Quel extraordinaire spectacle que celui donné par la mission Artemis II… Et quelle leçon : c’est donc possible ! Cet exploit américain (auquel les Européens et les Canadiens sont associés, rappelons-le) nous ramène aussi à l’épopée de la conquête de la Lune. À plusieurs titres, d’ailleurs : au-delà du rêve spatial, Artemis II est une réponse américaine aux ambitions – lunaires mais pas seulement ! – de la Chine, tout comme le programme Apollo était un message à l’Union soviétique.

Un cinquième à peine des humains vivant aujourd’hui sur la Terre étaient nés le 20 juillet 1969, l’Histoire mérite donc qu’on la raconte à nouveau. Il faut se souvenir, notamment, qu’il ne s’est écoulé que douze ans entre le lancement, le 4 octobre 1957, du tout premier satellite par les Soviétiques, et le « grand pas pour l’humanité » de Neil Armstrong. La réponse fulgurante de l’Amérique après ce « moment Spoutnik » – expression désormais consacrée – enseigne que rien n’est jamais perdu…

En 1957, Eisenhower avait d’abord tenté de minimiser l’humiliation : « Ils ont envoyé une petite balle dans les airs », avait-il commenté. Mais la machine américaine était lancée. Et dans un discours spécial au Congrès, le 25 mai 1961, Kennedy annonçait l’objectif de mettre un pied sur la Lune « avant la fin de la décennie »…

Pourquoi y repense-t-on ?

Pourquoi est-ce utile d’y repenser ? Parce que le « moment Spoutnik » que vit l’Europe aujourd’hui s’étire en longueur. On pourrait – même si d’autres choix sont possibles – le faire remonter au 24 février 2022. Les chars de Poutine entraient en Ukraine et l’Europe, désarmée et dépendante du gaz russe, devait quémander l’aide de Washington. Il n’était alors pas beau à voir, le Vieux Continent… Il s’est néanmoins doucement réveillé, et, quatre ans après, a réussi à remplacer l’aide américaine à Kiev, tarie sous Donald Trump.
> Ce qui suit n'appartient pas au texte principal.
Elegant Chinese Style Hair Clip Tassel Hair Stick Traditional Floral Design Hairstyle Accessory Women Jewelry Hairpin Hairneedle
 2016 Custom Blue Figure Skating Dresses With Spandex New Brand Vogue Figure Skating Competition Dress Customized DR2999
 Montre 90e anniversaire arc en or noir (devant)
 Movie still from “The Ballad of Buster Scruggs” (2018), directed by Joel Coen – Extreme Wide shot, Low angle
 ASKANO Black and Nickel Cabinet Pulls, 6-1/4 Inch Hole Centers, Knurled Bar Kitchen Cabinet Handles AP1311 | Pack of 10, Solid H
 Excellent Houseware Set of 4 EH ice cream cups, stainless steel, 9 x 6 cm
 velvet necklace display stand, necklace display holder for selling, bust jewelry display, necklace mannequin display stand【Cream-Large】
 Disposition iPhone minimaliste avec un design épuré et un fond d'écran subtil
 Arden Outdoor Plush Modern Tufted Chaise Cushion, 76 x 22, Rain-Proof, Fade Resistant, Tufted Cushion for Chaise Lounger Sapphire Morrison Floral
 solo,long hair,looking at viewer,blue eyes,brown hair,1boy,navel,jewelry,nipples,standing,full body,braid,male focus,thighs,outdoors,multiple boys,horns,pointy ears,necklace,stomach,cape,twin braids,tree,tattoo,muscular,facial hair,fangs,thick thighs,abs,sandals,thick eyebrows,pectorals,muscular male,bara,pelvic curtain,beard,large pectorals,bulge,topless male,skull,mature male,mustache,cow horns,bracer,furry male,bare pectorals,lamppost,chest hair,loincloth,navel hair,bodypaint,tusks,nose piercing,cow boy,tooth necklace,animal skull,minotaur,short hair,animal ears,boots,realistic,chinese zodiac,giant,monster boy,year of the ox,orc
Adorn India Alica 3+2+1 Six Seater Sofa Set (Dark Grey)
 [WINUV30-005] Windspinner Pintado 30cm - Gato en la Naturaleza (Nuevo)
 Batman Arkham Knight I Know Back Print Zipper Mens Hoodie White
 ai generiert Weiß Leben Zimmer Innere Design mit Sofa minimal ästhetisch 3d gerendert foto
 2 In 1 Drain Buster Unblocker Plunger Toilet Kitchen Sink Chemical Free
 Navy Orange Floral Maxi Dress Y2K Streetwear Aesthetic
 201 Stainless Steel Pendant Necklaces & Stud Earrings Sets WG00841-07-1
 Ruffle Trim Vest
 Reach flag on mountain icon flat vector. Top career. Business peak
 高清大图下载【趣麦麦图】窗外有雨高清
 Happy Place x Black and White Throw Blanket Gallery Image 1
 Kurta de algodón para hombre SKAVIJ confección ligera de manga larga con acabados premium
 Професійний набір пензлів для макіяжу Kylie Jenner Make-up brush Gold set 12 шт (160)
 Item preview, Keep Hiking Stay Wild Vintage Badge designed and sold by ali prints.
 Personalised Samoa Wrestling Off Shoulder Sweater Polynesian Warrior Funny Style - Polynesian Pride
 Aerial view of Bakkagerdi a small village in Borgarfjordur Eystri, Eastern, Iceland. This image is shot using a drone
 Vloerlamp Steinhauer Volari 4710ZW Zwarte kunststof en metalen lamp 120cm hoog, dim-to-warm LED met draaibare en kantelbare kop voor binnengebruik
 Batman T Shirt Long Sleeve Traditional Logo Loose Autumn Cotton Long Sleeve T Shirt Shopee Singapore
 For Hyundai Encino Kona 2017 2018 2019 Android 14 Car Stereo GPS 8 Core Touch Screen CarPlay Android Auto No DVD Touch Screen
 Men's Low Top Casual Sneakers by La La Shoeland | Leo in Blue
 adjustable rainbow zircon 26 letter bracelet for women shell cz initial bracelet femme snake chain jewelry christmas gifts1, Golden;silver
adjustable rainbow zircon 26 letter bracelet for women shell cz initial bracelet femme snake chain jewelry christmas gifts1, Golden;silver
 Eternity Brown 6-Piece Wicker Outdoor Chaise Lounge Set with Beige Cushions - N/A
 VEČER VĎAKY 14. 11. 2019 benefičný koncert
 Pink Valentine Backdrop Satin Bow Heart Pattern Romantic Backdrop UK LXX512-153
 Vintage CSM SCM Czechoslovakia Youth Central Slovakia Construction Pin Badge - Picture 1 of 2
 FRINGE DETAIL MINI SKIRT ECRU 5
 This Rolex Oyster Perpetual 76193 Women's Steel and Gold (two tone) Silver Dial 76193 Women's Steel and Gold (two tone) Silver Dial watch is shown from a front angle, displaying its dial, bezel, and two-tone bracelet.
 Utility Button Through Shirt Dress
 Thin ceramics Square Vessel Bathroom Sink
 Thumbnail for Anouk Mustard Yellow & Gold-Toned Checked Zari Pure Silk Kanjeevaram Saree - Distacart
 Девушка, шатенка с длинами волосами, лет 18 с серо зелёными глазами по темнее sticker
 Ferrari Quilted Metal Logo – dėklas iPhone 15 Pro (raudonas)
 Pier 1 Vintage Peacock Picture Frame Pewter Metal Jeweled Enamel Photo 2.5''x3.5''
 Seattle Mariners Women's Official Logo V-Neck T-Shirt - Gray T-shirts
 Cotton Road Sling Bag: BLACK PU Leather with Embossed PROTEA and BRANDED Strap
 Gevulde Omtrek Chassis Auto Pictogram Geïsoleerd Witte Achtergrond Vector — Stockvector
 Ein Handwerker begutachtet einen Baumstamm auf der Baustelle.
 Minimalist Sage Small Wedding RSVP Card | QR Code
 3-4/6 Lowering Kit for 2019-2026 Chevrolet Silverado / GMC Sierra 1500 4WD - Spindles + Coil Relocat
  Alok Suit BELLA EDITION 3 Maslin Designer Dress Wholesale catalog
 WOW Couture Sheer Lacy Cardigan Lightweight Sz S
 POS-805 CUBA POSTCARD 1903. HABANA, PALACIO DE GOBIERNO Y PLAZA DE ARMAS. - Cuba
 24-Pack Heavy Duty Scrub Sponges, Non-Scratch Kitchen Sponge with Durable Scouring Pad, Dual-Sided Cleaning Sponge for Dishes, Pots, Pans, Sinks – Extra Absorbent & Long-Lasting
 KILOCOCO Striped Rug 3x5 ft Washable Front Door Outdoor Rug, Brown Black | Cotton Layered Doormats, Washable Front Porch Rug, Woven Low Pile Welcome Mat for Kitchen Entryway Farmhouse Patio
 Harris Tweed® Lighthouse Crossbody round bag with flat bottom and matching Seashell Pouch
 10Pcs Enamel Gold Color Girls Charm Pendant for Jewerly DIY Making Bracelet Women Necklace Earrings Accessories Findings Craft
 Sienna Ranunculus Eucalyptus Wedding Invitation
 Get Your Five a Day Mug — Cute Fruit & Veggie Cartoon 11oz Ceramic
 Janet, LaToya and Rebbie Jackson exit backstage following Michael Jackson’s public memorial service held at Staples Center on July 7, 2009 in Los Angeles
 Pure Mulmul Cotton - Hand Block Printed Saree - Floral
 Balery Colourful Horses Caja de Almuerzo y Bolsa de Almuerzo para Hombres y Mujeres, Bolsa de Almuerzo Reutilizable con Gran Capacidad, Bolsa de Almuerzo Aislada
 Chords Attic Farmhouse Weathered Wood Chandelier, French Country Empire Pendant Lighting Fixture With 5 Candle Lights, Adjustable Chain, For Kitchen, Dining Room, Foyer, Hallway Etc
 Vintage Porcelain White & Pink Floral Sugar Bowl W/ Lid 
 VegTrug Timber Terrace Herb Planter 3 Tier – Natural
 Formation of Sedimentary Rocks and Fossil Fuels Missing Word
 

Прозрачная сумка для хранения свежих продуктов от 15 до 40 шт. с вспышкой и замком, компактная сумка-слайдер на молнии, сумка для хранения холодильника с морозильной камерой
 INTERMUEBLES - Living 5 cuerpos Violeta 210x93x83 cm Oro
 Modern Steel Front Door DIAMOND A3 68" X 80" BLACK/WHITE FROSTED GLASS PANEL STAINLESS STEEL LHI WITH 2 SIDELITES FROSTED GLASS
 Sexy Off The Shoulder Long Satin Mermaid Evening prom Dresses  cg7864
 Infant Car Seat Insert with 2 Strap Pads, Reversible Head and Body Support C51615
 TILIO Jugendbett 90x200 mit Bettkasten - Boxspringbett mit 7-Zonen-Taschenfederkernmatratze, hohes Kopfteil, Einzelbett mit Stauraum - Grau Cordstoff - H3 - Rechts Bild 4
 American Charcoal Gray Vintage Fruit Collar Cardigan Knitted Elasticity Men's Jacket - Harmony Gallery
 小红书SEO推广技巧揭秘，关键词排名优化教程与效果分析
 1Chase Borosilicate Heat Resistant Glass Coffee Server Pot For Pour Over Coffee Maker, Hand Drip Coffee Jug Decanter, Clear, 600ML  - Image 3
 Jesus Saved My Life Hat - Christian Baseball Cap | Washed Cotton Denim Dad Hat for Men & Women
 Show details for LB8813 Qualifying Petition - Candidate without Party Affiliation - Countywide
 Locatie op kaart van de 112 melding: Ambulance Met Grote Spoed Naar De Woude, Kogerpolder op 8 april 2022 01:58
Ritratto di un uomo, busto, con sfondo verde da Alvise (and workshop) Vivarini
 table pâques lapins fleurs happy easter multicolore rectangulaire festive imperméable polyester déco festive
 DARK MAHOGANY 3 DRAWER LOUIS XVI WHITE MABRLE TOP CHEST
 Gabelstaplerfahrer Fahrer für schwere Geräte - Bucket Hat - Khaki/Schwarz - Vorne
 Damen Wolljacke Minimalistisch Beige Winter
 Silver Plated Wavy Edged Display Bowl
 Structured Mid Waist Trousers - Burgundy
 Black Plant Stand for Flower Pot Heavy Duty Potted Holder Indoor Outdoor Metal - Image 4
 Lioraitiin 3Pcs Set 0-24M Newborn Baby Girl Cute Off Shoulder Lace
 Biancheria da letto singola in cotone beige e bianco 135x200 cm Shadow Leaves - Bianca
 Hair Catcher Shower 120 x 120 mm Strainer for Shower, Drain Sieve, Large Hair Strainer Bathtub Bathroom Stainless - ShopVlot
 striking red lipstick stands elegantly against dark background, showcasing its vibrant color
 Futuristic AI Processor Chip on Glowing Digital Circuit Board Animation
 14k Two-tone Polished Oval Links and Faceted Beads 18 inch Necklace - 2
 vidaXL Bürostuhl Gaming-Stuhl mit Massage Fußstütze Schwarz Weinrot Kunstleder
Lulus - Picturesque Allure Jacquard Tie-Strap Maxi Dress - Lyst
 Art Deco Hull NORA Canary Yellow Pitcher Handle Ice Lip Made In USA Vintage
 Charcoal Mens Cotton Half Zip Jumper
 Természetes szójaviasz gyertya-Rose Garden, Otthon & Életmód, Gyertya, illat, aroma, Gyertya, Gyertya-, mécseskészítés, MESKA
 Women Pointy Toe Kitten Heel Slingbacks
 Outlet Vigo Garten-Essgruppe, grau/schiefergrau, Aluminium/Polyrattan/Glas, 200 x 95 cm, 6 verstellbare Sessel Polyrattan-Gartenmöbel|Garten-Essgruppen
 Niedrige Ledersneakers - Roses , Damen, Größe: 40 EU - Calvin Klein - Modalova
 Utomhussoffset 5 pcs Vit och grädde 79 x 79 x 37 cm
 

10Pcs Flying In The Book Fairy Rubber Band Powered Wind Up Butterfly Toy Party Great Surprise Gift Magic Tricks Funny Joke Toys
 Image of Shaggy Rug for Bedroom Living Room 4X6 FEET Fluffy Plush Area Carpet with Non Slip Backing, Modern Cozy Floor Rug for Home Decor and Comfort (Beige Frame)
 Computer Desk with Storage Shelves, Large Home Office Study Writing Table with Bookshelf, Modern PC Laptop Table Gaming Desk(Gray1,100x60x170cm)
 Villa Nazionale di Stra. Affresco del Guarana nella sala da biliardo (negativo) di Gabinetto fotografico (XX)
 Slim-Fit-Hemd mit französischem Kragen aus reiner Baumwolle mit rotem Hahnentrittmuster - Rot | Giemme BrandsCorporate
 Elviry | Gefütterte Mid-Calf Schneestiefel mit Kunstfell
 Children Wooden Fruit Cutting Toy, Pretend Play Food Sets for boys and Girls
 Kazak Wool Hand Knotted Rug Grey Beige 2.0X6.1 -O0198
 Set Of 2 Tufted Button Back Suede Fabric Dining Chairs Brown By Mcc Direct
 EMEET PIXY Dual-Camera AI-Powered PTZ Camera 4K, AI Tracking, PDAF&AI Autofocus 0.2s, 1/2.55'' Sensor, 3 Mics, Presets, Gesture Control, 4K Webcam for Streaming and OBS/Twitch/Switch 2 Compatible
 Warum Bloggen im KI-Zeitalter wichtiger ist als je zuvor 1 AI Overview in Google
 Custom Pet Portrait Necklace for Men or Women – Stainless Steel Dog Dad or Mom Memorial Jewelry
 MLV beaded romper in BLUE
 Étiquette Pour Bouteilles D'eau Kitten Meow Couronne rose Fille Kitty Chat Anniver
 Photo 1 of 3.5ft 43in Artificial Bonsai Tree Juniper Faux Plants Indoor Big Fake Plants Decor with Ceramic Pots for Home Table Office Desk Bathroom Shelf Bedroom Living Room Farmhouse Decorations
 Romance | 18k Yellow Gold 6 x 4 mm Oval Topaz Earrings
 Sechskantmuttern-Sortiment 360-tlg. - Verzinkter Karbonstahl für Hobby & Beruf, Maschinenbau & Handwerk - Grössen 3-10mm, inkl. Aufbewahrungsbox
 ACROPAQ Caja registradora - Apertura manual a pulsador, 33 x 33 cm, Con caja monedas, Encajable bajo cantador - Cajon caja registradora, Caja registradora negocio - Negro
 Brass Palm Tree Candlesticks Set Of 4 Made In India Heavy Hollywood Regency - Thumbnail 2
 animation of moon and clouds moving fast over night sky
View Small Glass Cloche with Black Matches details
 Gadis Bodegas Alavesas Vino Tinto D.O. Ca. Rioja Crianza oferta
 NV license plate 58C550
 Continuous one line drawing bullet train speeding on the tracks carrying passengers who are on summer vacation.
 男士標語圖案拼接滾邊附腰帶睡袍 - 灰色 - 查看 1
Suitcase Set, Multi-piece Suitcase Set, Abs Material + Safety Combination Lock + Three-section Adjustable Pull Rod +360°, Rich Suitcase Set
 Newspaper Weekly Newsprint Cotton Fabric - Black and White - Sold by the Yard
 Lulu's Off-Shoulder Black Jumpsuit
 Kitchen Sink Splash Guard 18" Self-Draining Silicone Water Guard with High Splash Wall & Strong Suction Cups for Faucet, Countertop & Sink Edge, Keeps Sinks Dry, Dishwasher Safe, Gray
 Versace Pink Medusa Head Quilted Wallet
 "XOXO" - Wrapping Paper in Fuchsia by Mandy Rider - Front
C’est un début, mais cela ne suffit pas : le danger poutinien n’a pas disparu, et le théâtre trumpien, entre Groenland, effets de manches à propos de l’Otan et tarifs douaniers, apporte son lot de brimades… Sans compter la guerre iranienne, dans laquelle les Européens sont des spectateurs impuissants…

Il serait toutefois faux de dire qu’il n’y a pas de prise de conscience. Le réarmement européen, bien que lent, est en cours. Et les grands pays européens redécouvrent quelques réalités simples. Les Britanniques, par exemple, estiment désormais majoritairement, à en croire les sondages, que le Brexit fut une erreur. Il faut dire qu’il leur aurait coûté, en cumul, 8 % de leur PIB, selon l’institut américain NBER… Les sondages nous disent aussi qu’ils déchantent sur la « relation spéciale » avec Washington et veulent se rapprocher de l‘Union européenne. Jusqu’à y revenir un jour ? Les choses ne sont pas si simples, mais le combat a changé d’âme…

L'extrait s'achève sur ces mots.